• **WORK INSTRUCTION**: Retype the opening lines of the listing below, ending with the line that contains "NC license plate DMH7907", and leave out any pictures.

═══

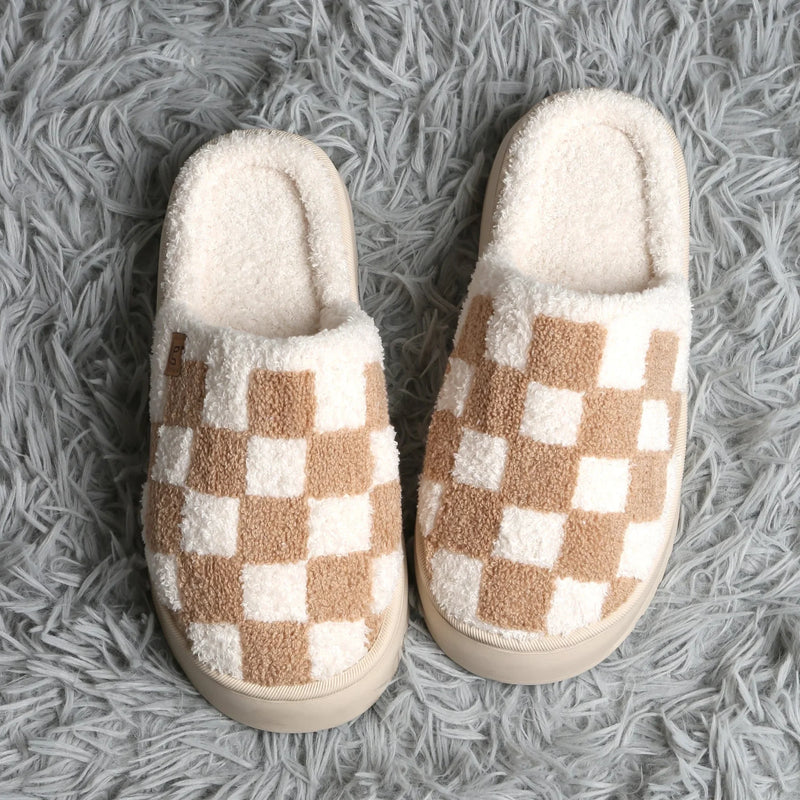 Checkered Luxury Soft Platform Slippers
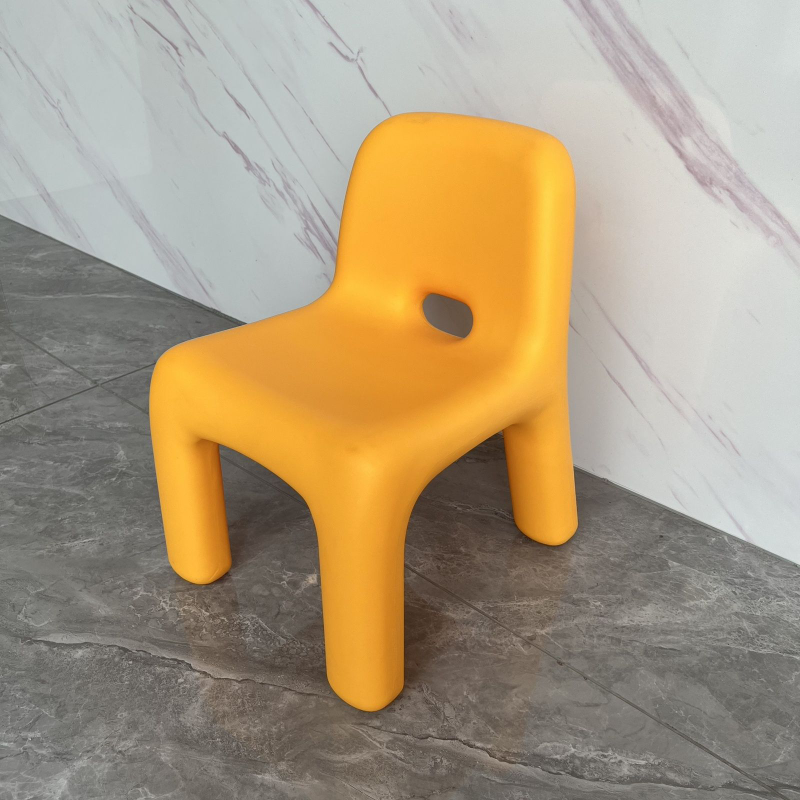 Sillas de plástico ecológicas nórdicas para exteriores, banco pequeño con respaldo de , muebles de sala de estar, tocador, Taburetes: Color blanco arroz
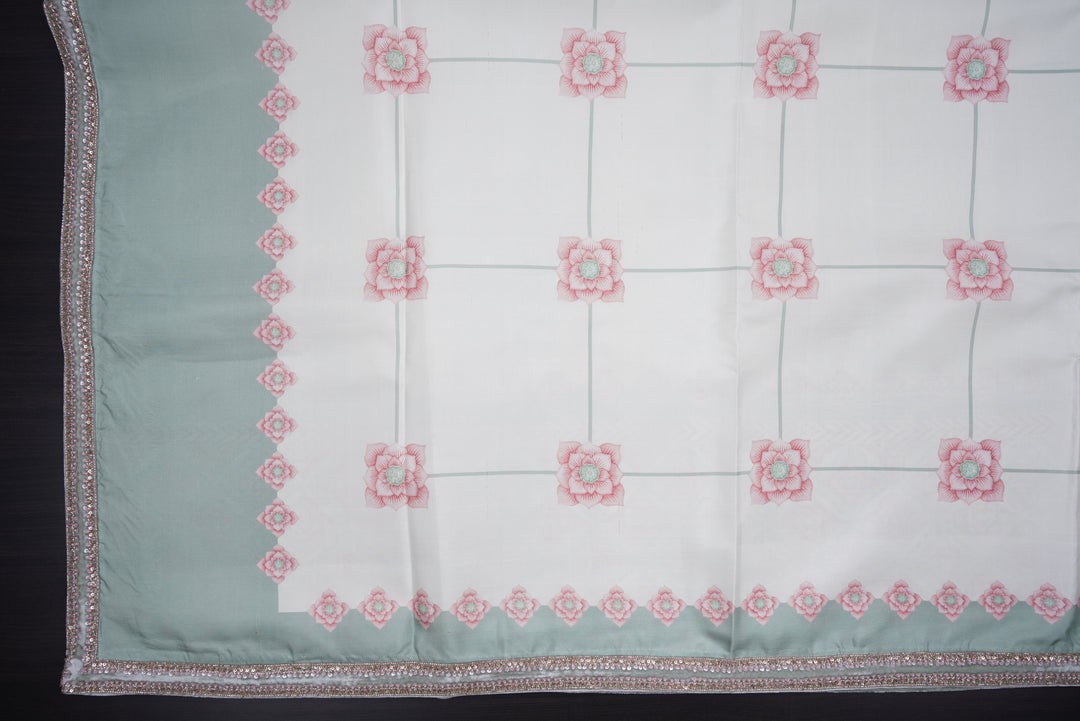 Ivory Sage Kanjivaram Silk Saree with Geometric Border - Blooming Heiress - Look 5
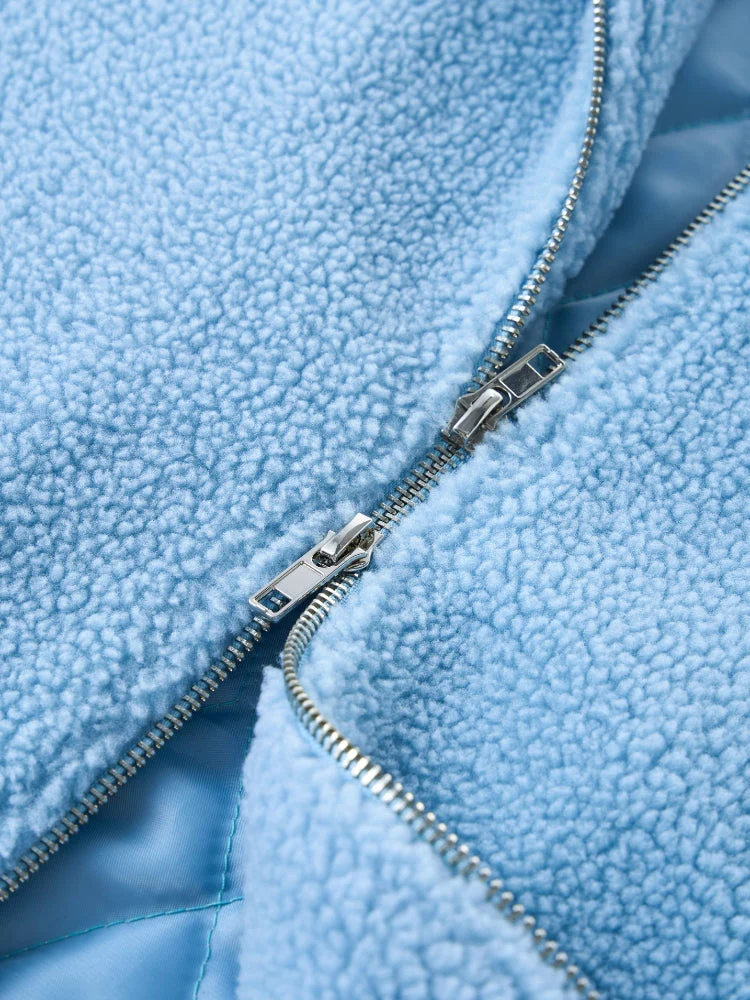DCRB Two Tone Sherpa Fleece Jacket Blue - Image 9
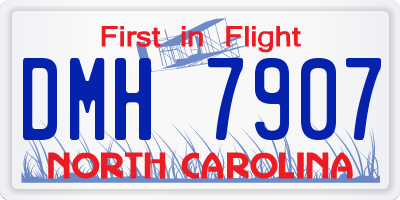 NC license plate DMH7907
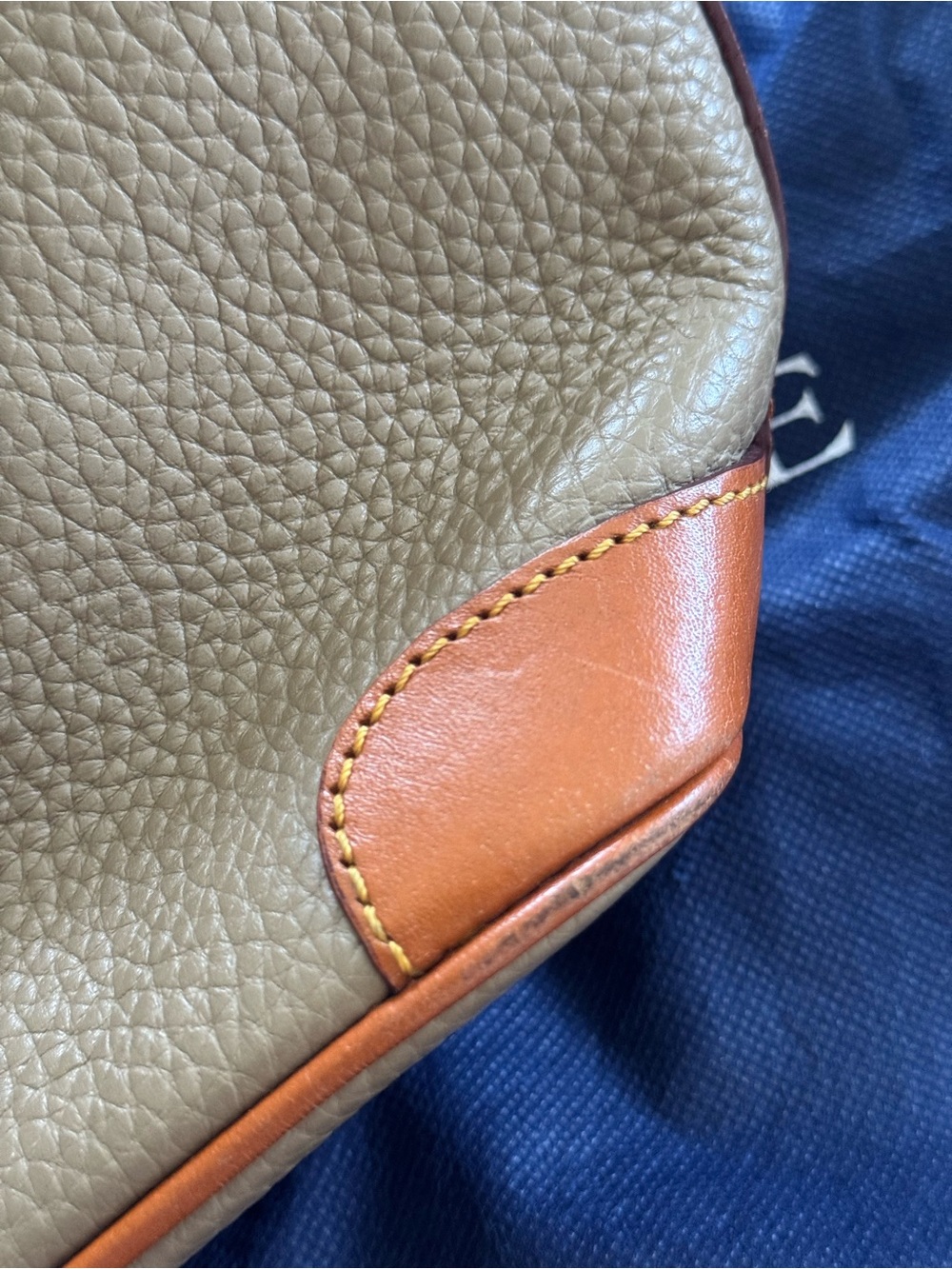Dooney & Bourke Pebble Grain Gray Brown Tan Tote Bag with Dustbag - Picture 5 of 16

═══

• **OUTPUT FOR THIS TASK**:
 Checkered Luxury Soft Platform Slippers
 Sillas de plástico ecológicas nórdicas para exteriores, banco pequeño con respaldo de , muebles de sala de estar, tocador, Taburetes: Color blanco arroz
 Ivory Sage Kanjivaram Silk Saree with Geometric Border - Blooming Heiress - Look 5
DCRB Two Tone Sherpa Fleece Jacket Blue - Image 9
 NC license plate DMH7907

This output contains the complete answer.